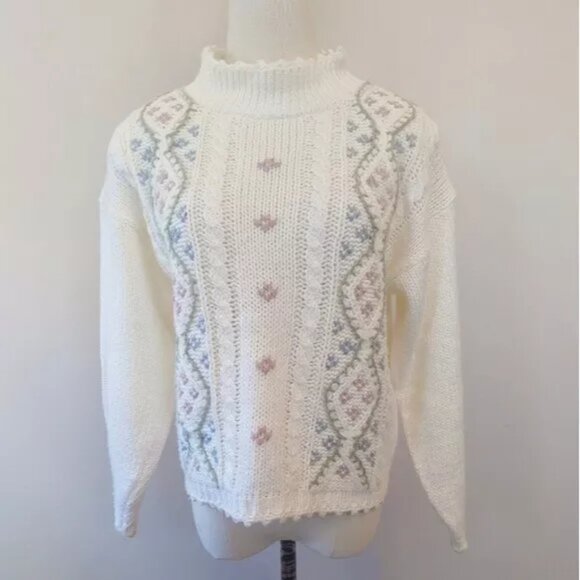 Vintage Hand Knit Needlepoint Cable Knit Mock Neck Sweater Size Medium Kawaii - Picture 3 of 12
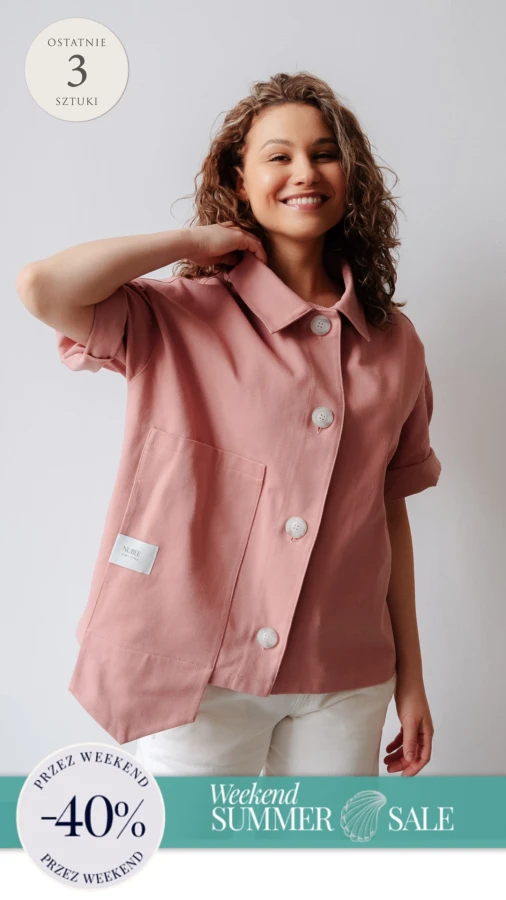 Nowy model. Koszula długa. Denim róż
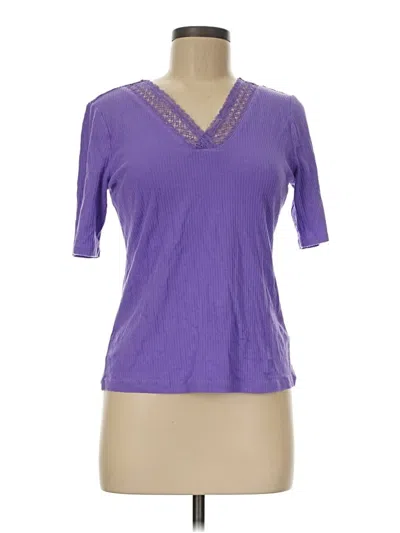 Pre-owned Talbots Short Sleeve Top Purple V Neck Tops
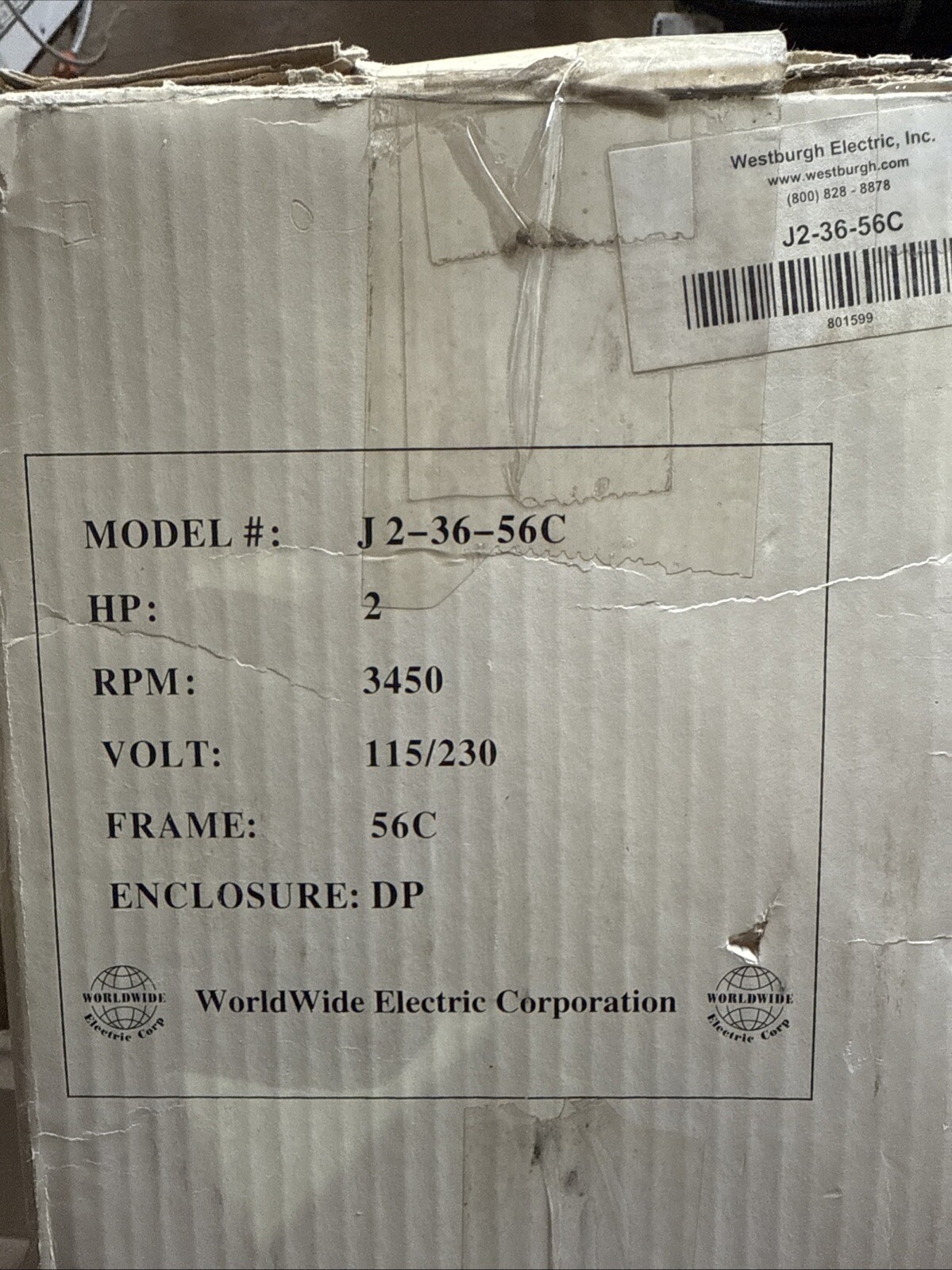 2 HP Electric Motor Single Phase 56C Frame 3450 RPM TEFC 115 / 230V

**What to work on**.
Copy out every line of the material above exactly, skipping the pictures.

**Written solution**.
 Vintage Hand Knit Needlepoint Cable Knit Mock Neck Sweater Size Medium Kawaii - Picture 3 of 12
 Nowy model. Koszula długa. Denim róż
 Pre-owned Talbots Short Sleeve Top Purple V Neck Tops
 2 HP Electric Motor Single Phase 56C Frame 3450 RPM TEFC 115 / 230V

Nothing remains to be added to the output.